AMIT TYAGI: Yeah, I think the use of this technology is not just in insurance companies it's in banks, it's in asset management and so it'd be interesting to hear how the use of this technology results in different risks, different issues for the insurance industry to become concerned about as well and I think we'll talk a little bit more about that later on.
MIGUEL CANO: Some very thoughtful answers from the both of you so I appreciate that. I think now we want to move on to talk a little bit about what the regulatory environment looks like. So Natalie, I'm going to pass it off to you given that you've got the legal background, you can probably speak about this a lot better with Amit than I certainly could.
NATALIE REID: Yeah, sure I can do. Yeah, I hope we can agree on this, Amit, but there is no jurisdiction that currently has AI-specific legislation regulating machine or artificial intelligence. So for instance, you may see that the UK law relies on various legislation to regulate AI such as, let's say, for instance, Data Protection Act 2018, the Equality Act 2010, etc.
So with this legislative uncertainty, could you potentially touch on some of the approaches that we're seeing regulators explore with regard to AI? And are regulators in the UK, EU, US approaching this differently?

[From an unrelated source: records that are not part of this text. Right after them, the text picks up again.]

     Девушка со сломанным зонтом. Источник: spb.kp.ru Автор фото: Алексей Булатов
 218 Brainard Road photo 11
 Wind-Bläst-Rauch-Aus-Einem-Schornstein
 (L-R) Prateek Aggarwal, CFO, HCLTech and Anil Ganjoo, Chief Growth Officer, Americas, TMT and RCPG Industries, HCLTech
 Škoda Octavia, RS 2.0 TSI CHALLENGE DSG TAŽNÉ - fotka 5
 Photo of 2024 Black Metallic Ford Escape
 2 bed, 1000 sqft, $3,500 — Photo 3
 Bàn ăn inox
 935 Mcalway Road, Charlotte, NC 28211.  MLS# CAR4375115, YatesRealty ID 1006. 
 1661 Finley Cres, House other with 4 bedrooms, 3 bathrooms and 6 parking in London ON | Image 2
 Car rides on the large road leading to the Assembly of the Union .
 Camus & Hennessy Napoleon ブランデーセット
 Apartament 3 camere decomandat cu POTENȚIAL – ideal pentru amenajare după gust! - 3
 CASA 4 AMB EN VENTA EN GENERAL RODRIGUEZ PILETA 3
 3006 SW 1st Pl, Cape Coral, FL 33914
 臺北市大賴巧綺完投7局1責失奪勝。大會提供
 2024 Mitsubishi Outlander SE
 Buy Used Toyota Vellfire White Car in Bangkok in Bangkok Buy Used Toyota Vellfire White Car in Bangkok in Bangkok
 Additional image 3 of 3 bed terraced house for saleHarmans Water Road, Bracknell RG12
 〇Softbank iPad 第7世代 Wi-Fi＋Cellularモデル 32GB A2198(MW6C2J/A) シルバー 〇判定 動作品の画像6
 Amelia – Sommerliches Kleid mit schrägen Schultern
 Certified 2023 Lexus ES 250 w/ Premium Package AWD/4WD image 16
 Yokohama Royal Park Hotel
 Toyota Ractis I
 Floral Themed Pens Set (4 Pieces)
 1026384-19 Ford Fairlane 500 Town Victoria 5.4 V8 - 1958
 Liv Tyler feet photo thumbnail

AMIT TYAGI: Yeah, it's a really good question, Natalie and I think first point to make is you're right. I don't think there's any jurisdiction in the world that can point to themselves and say, we've got quite a sophisticated, developed AI regulatory regime. I think all of the regulators around the world are grappling with one fundamental question, about how to regulate the use of AI and that question is, essentially, balancing up the innovation opportunity versus the risk that's created by the use and this is a debate that's raging right now in the UK, in the EU, and in the US in particular and I think there are slightly different approaches that are already being signposted by the different regulators.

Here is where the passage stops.